I love the way headlines get labeled. There are cliche headlines. Label headlines. Question mark headlines. Exclamation point headlines. Colon headlines. Gerund headlines. All except the latter have been banned by someone in authority at some point in my 40 years as a copy editor, often more than once by more than one person in authority. But if anybody ever banned gerund headlines -- those usually beginning with a word ending in "ing," like "Bringing home the bacon" or "Seeing the future of newspapers through rose colored glasses" -- at the Bergen Record, the paper would likely go to print with blank spaces over a third of its stories. But we'll save gerund headlines for another day.

The Daily News goes back a long way, so long in fact that its logo is a drawing of an old fashioned press camera, the kind used in 1930s movies when James Cagney entered the courtroom. And the News' back page goes back to the days of Ruth and Gehrig and Cobb, and I can't say for sure but I'll bet dollars to donuts that when Babe Ruth was traded to the Yankees, the back page headline said "BOSOX DEAL BABE TO YANKS."

Two events more or less converged that altered my alleged career somewhat. First, the new Deputy Sports Editor put out an order that there were to be no more cliche headlines in the section -- you would now say "Red Sox" instead of "Bosox" and "White Sox" instead of "Chisox" for example -- and this was before computer software could squeegee a few extra letters into a headline that spilled off the side of the page. The result was bland headlines like "Yankees triumph" instead of "Yanks whip Chisox."

Second, the new Daily News Tonight wasn't doing too well. In fact, its revenue stream downright sucked.

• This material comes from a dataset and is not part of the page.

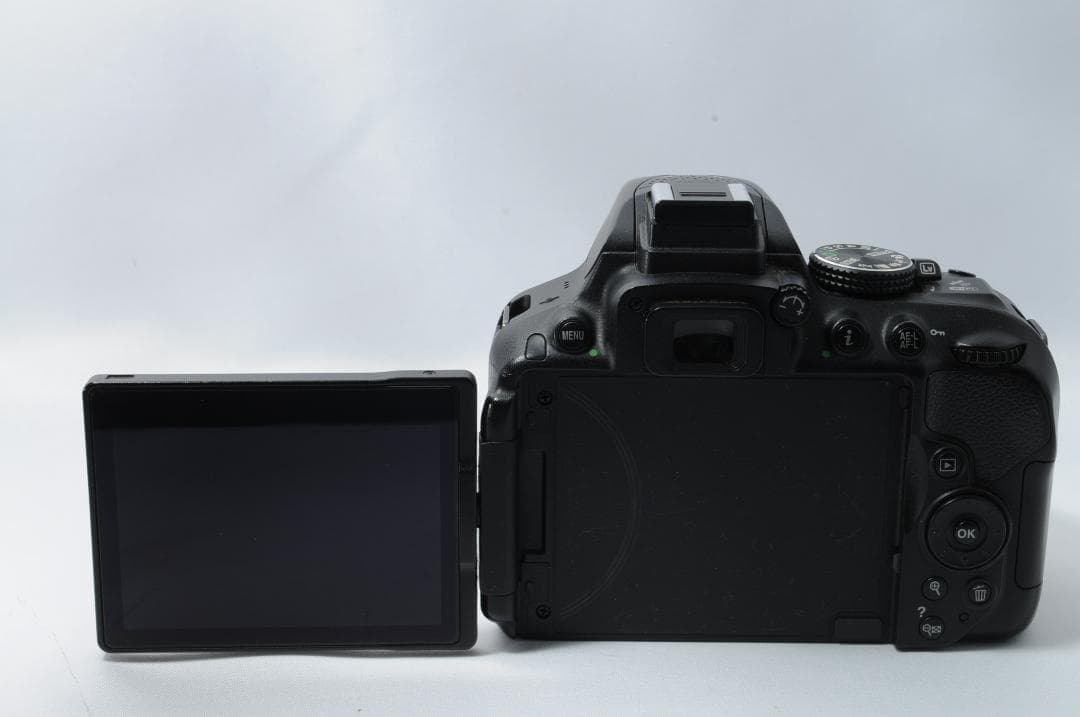 ✨️Nikon D5300✨WiFiでスマホ転送✨️手ブレ補正レンズ✨️初心者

The paper had hired dozens of new staffers who could see the handwriting on the wall, excuse the cliche, and morale was very low.

The editor, or managing editor, I could never figure out the difference, Bill Brink, began going from department to department giving pep talks, only a few weeks before the paper threw in the towel on the Daily News Tonight and laid off dozens of people.

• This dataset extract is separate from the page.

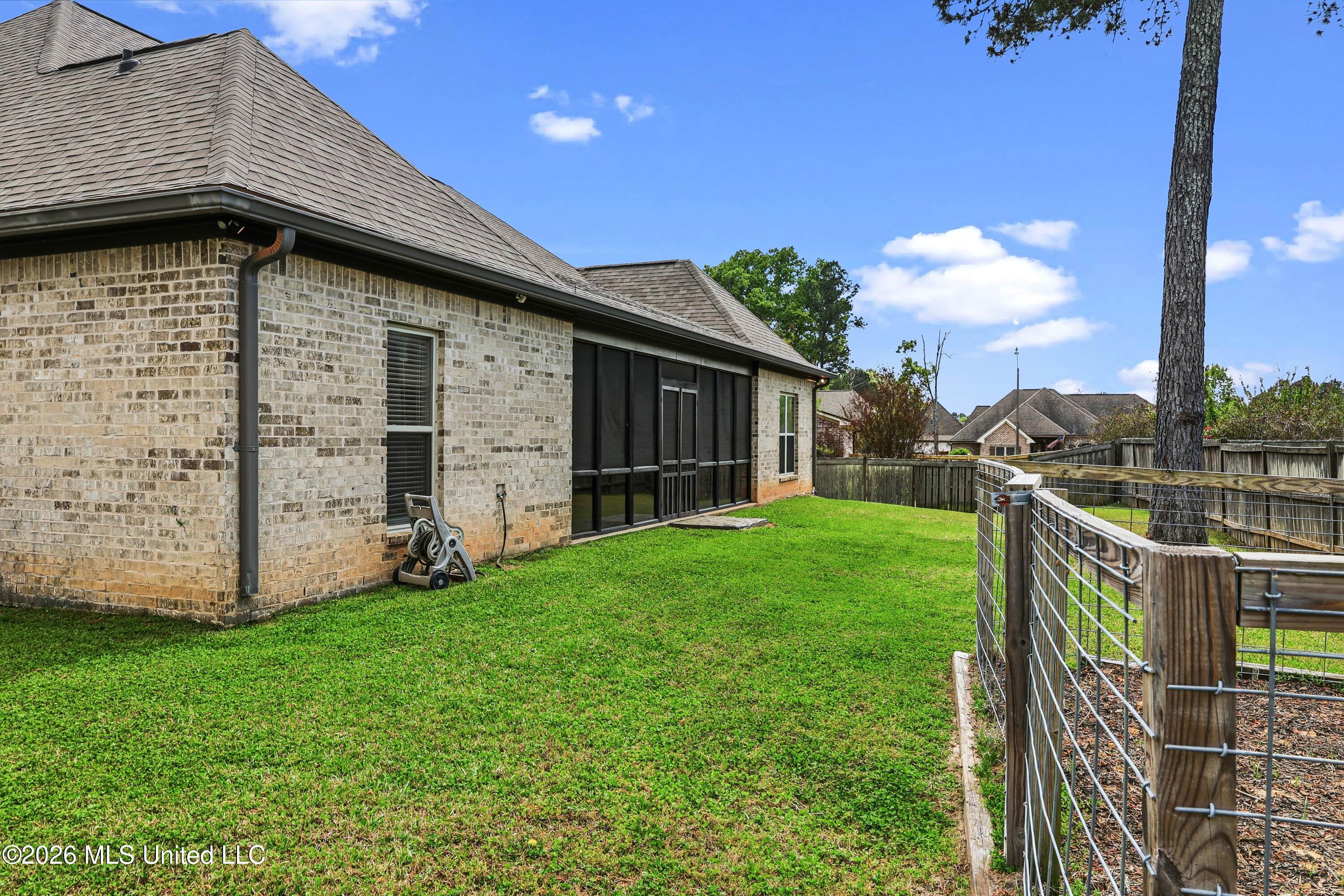 211 Wellington Way Brandon, MS 39047 - Photo 39 of 41 10D0A1258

Bill Brink is the editor who claimed to have written the famous headline "Ford to City: Drop Dead," although scuttlebutt at the News was that a copy person suggested it and Brink stole the idea. But that's neither here nor there. At the end of his pep talk, I forget how it went, he said, "Are there any questions?" One hand went up.

"Yes?"

"Why is it," I asked, "that we're no longer allowed to write 'Bosox' or 'Chisox' in headlines?"

"I didn't know you weren't," Brink said, or words to that effect. "I don't see anything wrong with them."

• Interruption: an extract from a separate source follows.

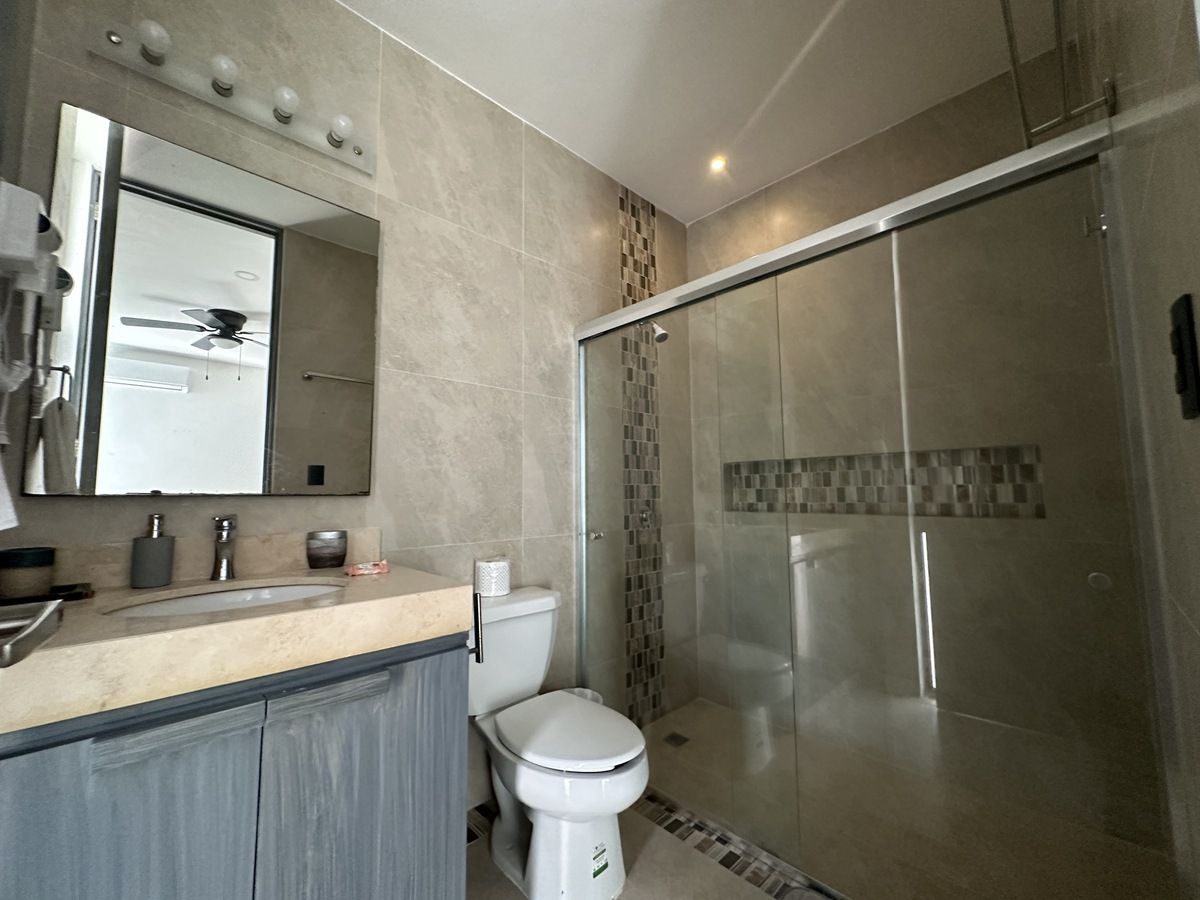 17 de 26: Baño, Segunda Habitación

"They're cliches," blurted Mister Deputy Sports Editor, "and we don't use cliches in the sports section."

Unbeknownst to me, the paper was considering terminating the Dep, and his somewhat idiotic remark turned out to be the deciding factor. The next day he was no long working at the paper.

Also unbeknownst to me, he was the person who heard on the grapevine that there was an opening for a sports editor at the Daily News, and told his buddy Buddy about it. So Buddy placed the blame for his firing squarely on me, which is probably where it deserved to be. When I arrived at work a day later, I was summoned to his office.

He gave me two choices. I could resign, or I could be transferred to another department. Because it was a unionized paper, at least for editorial peons such as myself, I couldn't be fired without cause, or else he'd have fired me on the spot. I opted for the transfer, and the next day I was on the paper's features desk.

I don't read the Daily News very often, maybe once every two weeks, it's a crapshoot with my favorite waitress Ella at the Plaza 46 Diner, I have breakfast at the counter there maybe four times a week and she'll slip one of three papers next to my plate depending on which papers earlier customers left behind, the papers being the Daily News, the New York Post and the Bergen Record. But still, 25 years after the demise of the Daily News Tonight, the Chisox and Bosox still work their way into the Daily News, only now it's on the inside pages since the "YANKEES WHIP BOSOX" headlines have long given way to gigantic white-on-black graphics like "A-ROID" and "JOBA RULES."